## Analyzing the NFL Games 

Game data: The games.csv contains the teams playing in each game. The key variable is gameId

- gameId: Game identifier, unique (numeric)
- gameDate: Game Date (time, mm/dd/yyyy)
- gameTimeEastern: Start time of game (time, HH:MM:SS, EST)
- homeTeamAbbr: Home team three-letter code (text)
- visitorTeamAbbr: Visiting team three-letter code (text)
- week: Week of game (numeric)

In [None]:
import pandas as pd
import matplotlib.pyplot as plt
import datetime
import seaborn as sns

In [None]:
games_df = pd.read_csv('/kaggle/input/nfl-big-data-bowl-2021/games.csv')

In [None]:
games_df.head()

In [None]:
games_df.shape

In [None]:
games_df.isnull().sum()

In [None]:
games_df.dtypes

In [None]:
# Converting to datetime.date values
games_df['gameDate'] = pd.to_datetime(games_df['gameDate']).dt.date

# Converting to datetime.time values
games_df['gameTimeEastern'] = pd.to_datetime(games_df['gameTimeEastern']).dt.time

In [None]:
games_df.head()

In [None]:
games_df['gameDate'].value_counts().reset_index()

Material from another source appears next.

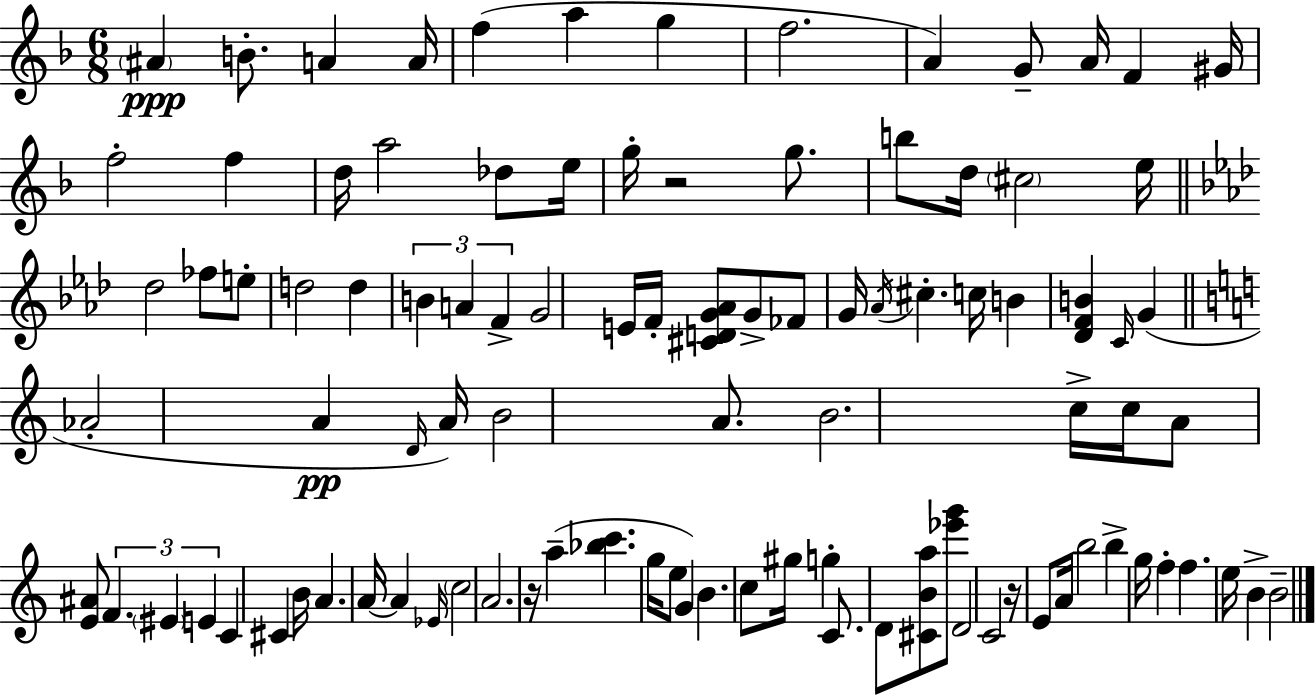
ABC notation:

There are a total of 50 different game dates.

In [None]:
# Checking the frequency of games in relation to game dates
date_dist = games_df['gameDate'].value_counts().reset_index()

# Renaming the columns
date_dist.columns = ['date', 'frequency']

In [None]:
date_dist.head()

In [None]:
# Sorting the DataFrame based on the date values
sorted_date_dist = date_dist.sort_values('date').set_index('date')

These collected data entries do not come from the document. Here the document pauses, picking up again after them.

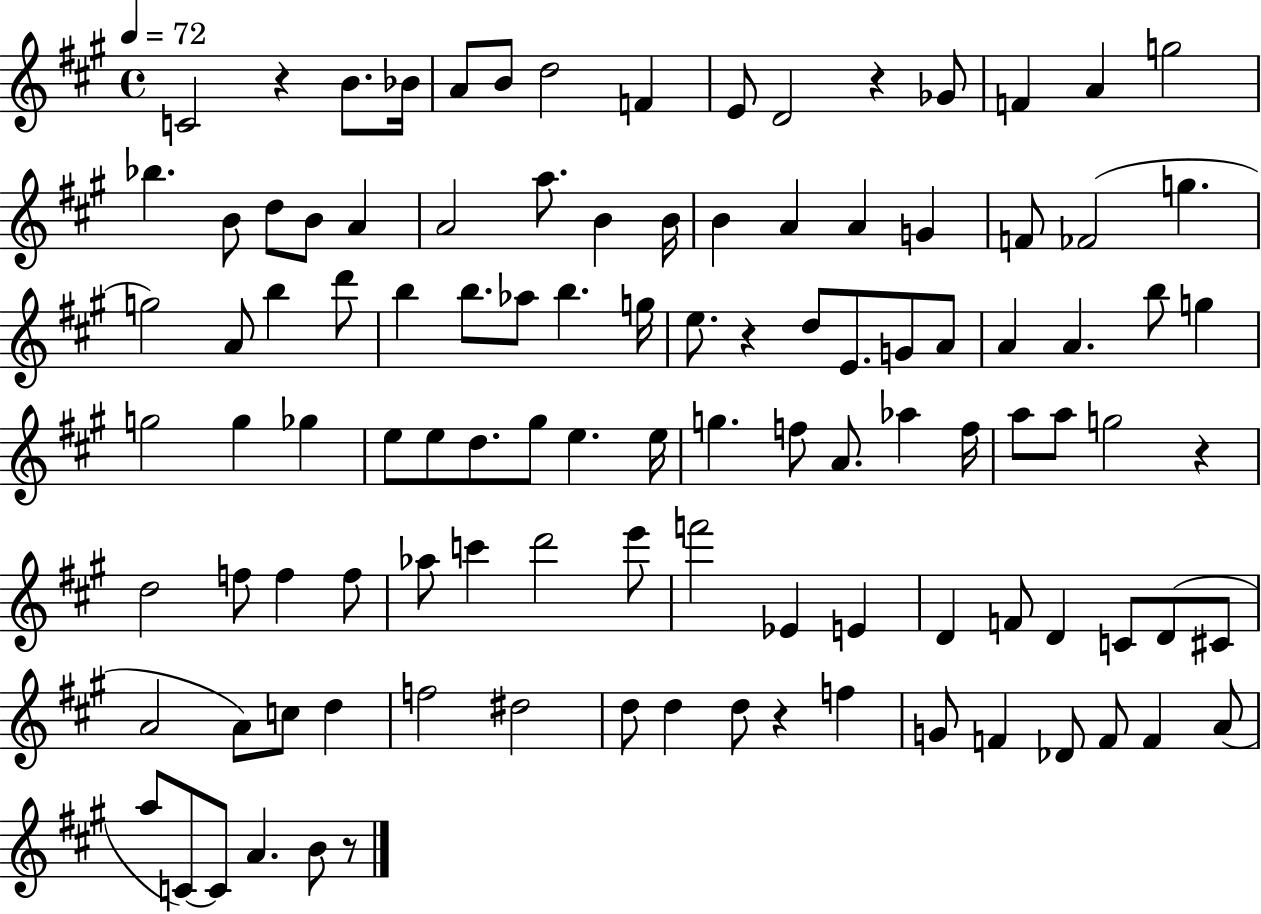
{
  \clef treble
  \time 4/4
  \defaultTimeSignature
  \key a \major
  \tempo 4 = 72
  c'2 r4 b'8. bes'16 | a'8 b'8 d''2 f'4 | e'8 d'2 r4 ges'8 | f'4 a'4 g''2 | \break bes''4. b'8 d''8 b'8 a'4 | a'2 a''8. b'4 b'16 | b'4 a'4 a'4 g'4 | f'8 fes'2( g''4. | \break g''2) a'8 b''4 d'''8 | b''4 b''8. aes''8 b''4. g''16 | e''8. r4 d''8 e'8. g'8 a'8 | a'4 a'4. b''8 g''4 | \break g''2 g''4 ges''4 | e''8 e''8 d''8. gis''8 e''4. e''16 | g''4. f''8 a'8. aes''4 f''16 | a''8 a''8 g''2 r4 | \break d''2 f''8 f''4 f''8 | aes''8 c'''4 d'''2 e'''8 | f'''2 ees'4 e'4 | d'4 f'8 d'4 c'8 d'8( cis'8 | \break a'2 a'8) c''8 d''4 | f''2 dis''2 | d''8 d''4 d''8 r4 f''4 | g'8 f'4 des'8 f'8 f'4 a'8( | \break a''8 c'8~~) c'8 a'4. b'8 r8 | \bar "|."
}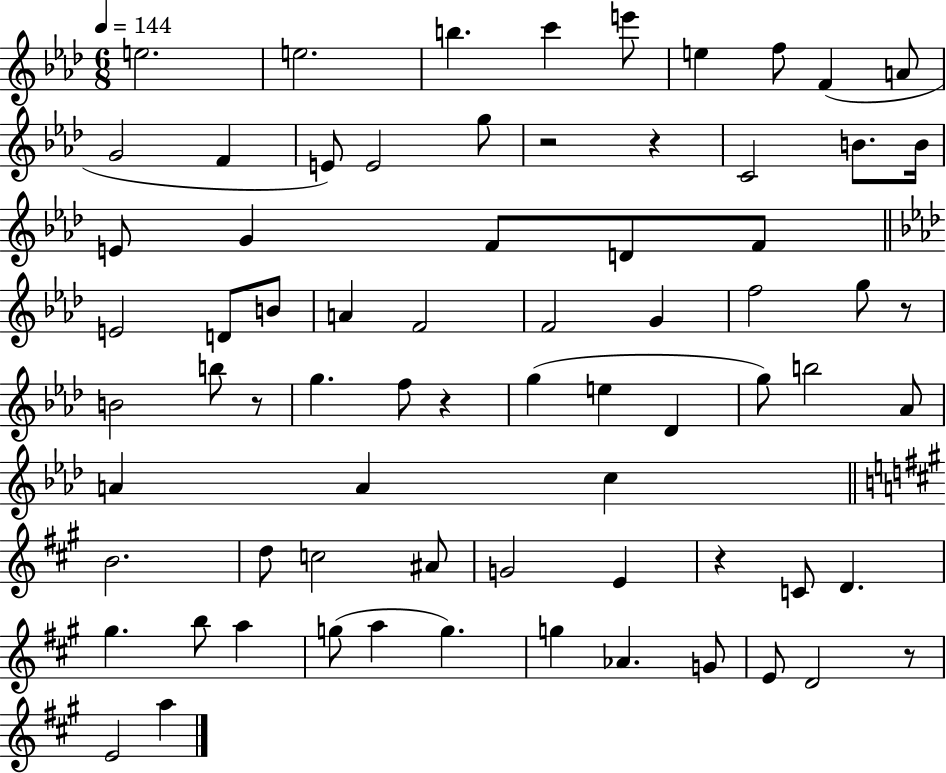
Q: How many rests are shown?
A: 7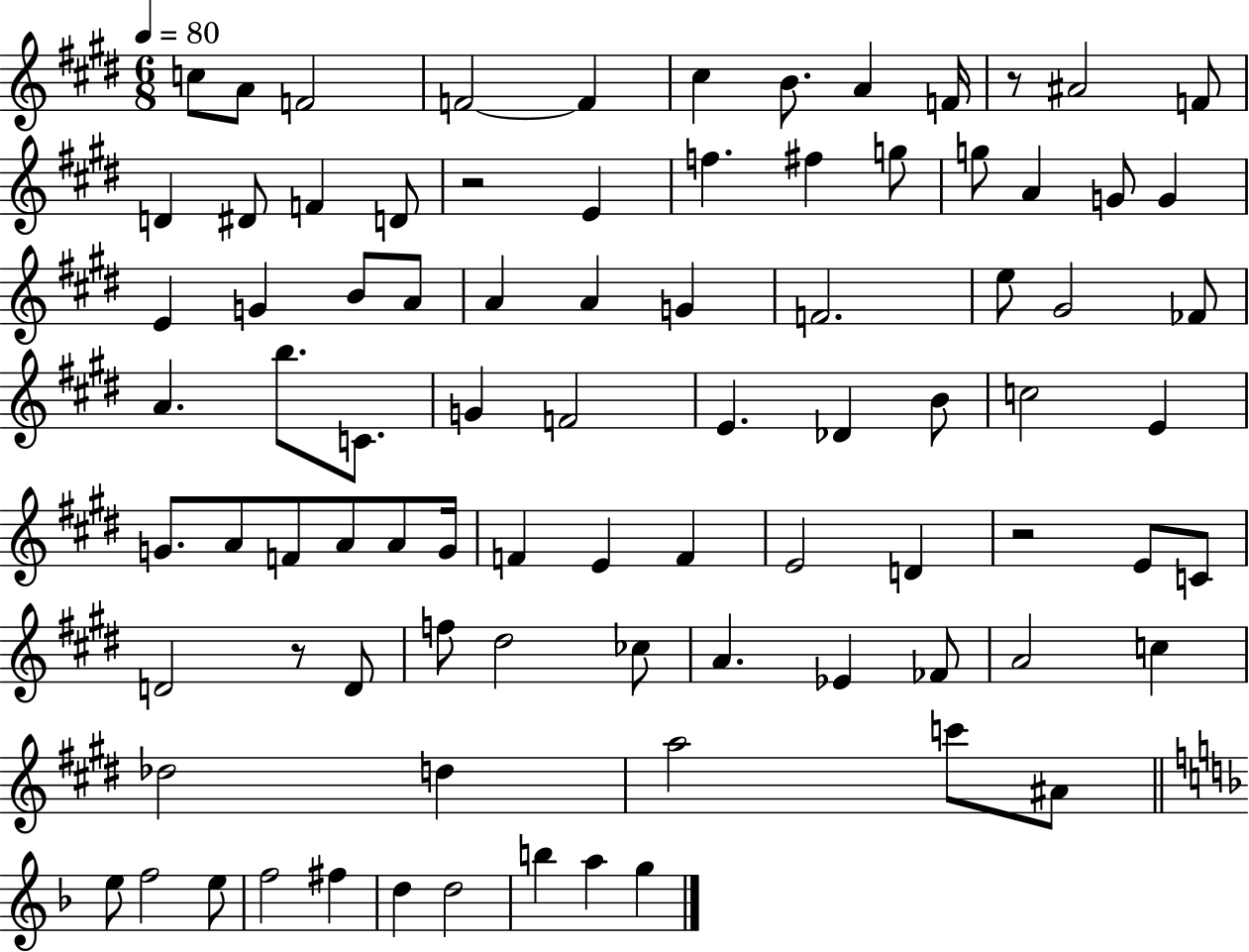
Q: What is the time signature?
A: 6/8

# Looking at the first five rows
sorted_date_dist.head()

In [None]:
def find_dist(df, col_name):
    
    # Checking the frequency of games in relation to the column values
    dist = df[col_name].value_counts().reset_index()
    
    # Renaming the columns
    dist.columns = [col_name, 'frequency']
        
    # Sorting the DataFrame based on the column values
    sorted_dist = dist.sort_values(col_name, ascending=True).set_index(col_name)

    # Plotting a bar plot
    sorted_dist.plot(kind='bar', figsize=(20,4))

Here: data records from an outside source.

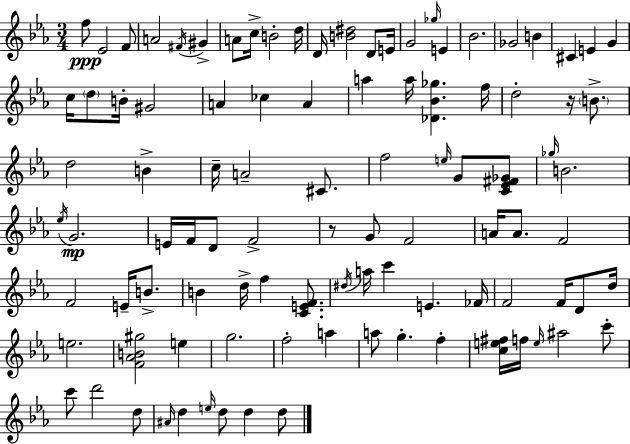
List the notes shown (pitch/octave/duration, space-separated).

F5/e Eb4/h F4/e A4/h F#4/s G#4/q A4/e C5/s B4/h D5/s D4/s [B4,D#5]/h D4/e E4/s G4/h Gb5/s E4/q Bb4/h. Gb4/h B4/q C#4/q E4/q G4/q C5/s D5/e B4/s G#4/h A4/q CES5/q A4/q A5/q A5/s [Db4,Bb4,Gb5]/q. F5/s D5/h R/s B4/e. D5/h B4/q C5/s A4/h C#4/e. F5/h E5/s G4/e [C4,Eb4,F#4,Gb4]/e Gb5/s B4/h. Eb5/s G4/h. E4/s F4/s D4/e F4/h R/e G4/e F4/h A4/s A4/e. F4/h F4/h E4/s B4/e. B4/q D5/s F5/q [C4,E4,F4]/e. D#5/s A5/s C6/q E4/q. FES4/s F4/h F4/s D4/e D5/s E5/h. [F4,Ab4,B4,G#5]/h E5/q G5/h. F5/h A5/q A5/e G5/q. F5/q [C5,E5,F#5]/s F5/s E5/s A#5/h C6/e C6/e D6/h D5/e A#4/s D5/q E5/s D5/e D5/q D5/e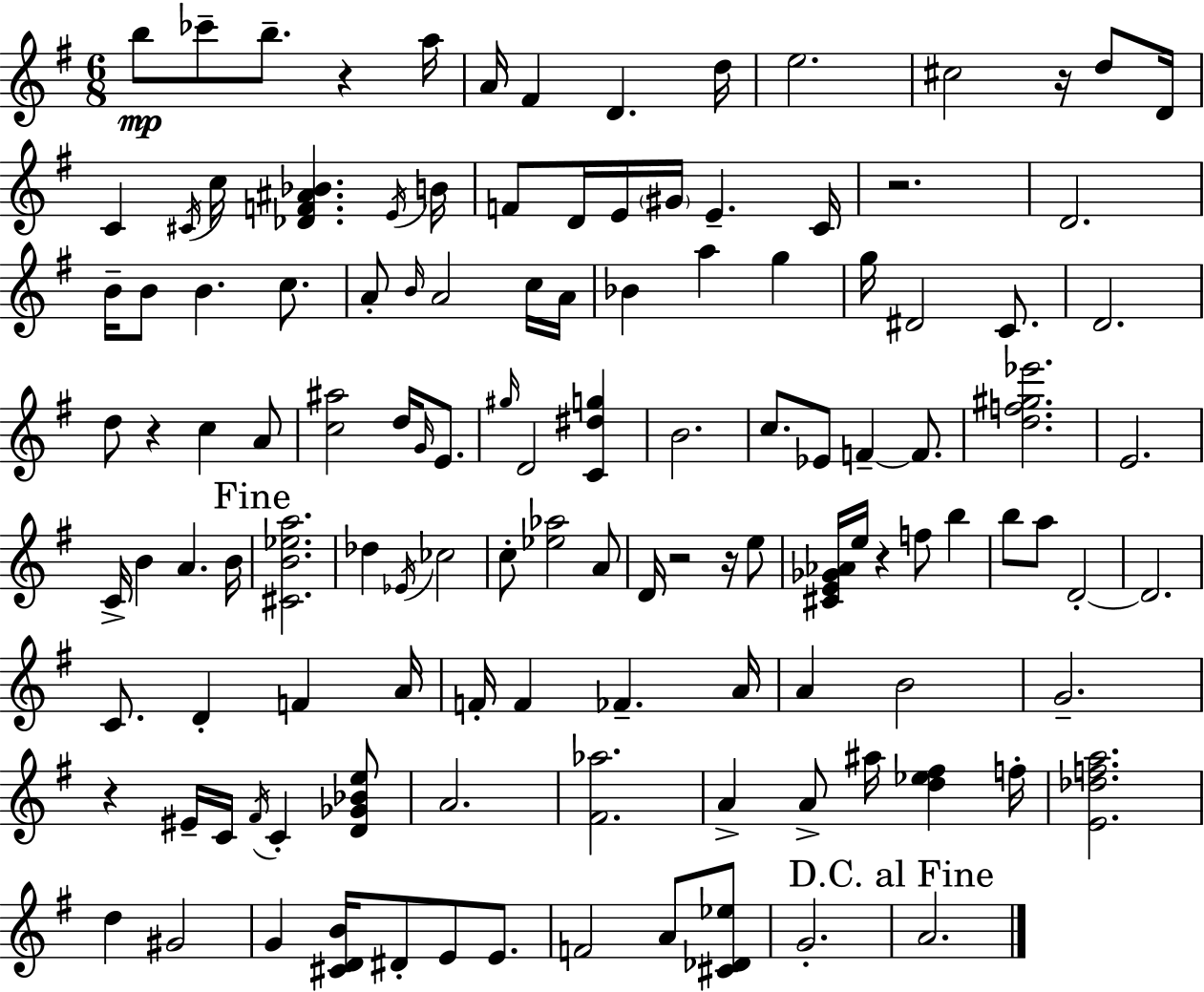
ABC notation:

X:1
T:Untitled
M:6/8
L:1/4
K:Em
b/2 _c'/2 b/2 z a/4 A/4 ^F D d/4 e2 ^c2 z/4 d/2 D/4 C ^C/4 c/4 [_DF^A_B] E/4 B/4 F/2 D/4 E/4 ^G/4 E C/4 z2 D2 B/4 B/2 B c/2 A/2 B/4 A2 c/4 A/4 _B a g g/4 ^D2 C/2 D2 d/2 z c A/2 [c^a]2 d/4 G/4 E/2 ^g/4 D2 [C^dg] B2 c/2 _E/2 F F/2 [df^g_e']2 E2 C/4 B A B/4 [^CB_ea]2 _d _E/4 _c2 c/2 [_e_a]2 A/2 D/4 z2 z/4 e/2 [^CE_G_A]/4 e/4 z f/2 b b/2 a/2 D2 D2 C/2 D F A/4 F/4 F _F A/4 A B2 G2 z ^E/4 C/4 ^F/4 C [D_G_Be]/2 A2 [^F_a]2 A A/2 ^a/4 [d_e^f] f/4 [E_dfa]2 d ^G2 G [^CDB]/4 ^D/2 E/2 E/2 F2 A/2 [^C_D_e]/2 G2 A2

    # Return a boolean indicating the function was successfully executed
    return True

# Visualizing the frequency distribution of games in relation to the date
find_dist(games_df, 'gameDate')

In [None]:
games_df.head()

In [None]:
# Visualizing frequency distribution of games in relation to the time
find_dist(games_df, 'gameTimeEastern')

In [None]:
# Visualizing frequency distribution of games in relation to the week
find_dist(games_df, 'week')

In [None]:
games_df.head()

In [None]:
# Creating a column containing the day of the week information extracted from the date
games_df['gameDay'] = games_df['gameDate'].apply(lambda x: x.strftime('%A'))

In [None]:
games_df.head()

In [None]:
# Visualizing frequency distribution of games in relation to the day of the week
plt.figure(figsize=(16,6))
graph = sns.countplot(x='gameDay',data=games_df,palette='plasma')

for p in graph.patches:
    height = p.get_height()
    graph.text(p.get_x()+p.get_width()/2., height + 0.3,height ,ha="center")
    
plt.show()

## Analyzing the Players

Player data: The players.csv file contains player-level information from players that participated in any of the tracking data files. 
The key variable is nflId.

- nflId: Player identification number, unique across players (numeric)
- height: Player height (text)
- weight: Player weight (numeric)
- birthDate: Date of birth (YYYY-MM-DD)
- collegeName: Player college (text)
- position: Player position (text)
- displayName: Player name (text)

In [None]:
players_df = pd.read_csv('/kaggle/input/nfl-big-data-bowl-2021/players.csv')

In [None]:
players_df.head()

In [None]:
players_df.shape

In [None]:
players_df.isnull().sum()

In [None]:
# Converting to datetime.date values
players_df['birthDate'] = pd.to_datetime(players_df['birthDate']).dt.date

# Extracting the year
players_df['birthYear'] = pd.to_datetime(players_df['birthDate']).dt.year

In [None]:
players_df.head()

In [None]:
# Finding the age of the players in respect to the year 2018.
players_df['age'] = 2018 - players_df['birthYear']

players_df.head()

In [None]:
def find_dist(df, col_name):
    
    # Checking the frequency of games in relation to the column values
    dist = df[col_name].value_counts().reset_index()
    
    # Renaming the columns
    dist.columns = [col_name, 'frequency']
        
    # Sorting the DataFrame based on the column values
    sorted_dist = dist.sort_values(col_name, ascending=True).set_index(col_name)

    # Plotting a bar plot
    sorted_dist.plot(kind='bar', figsize=(20,4))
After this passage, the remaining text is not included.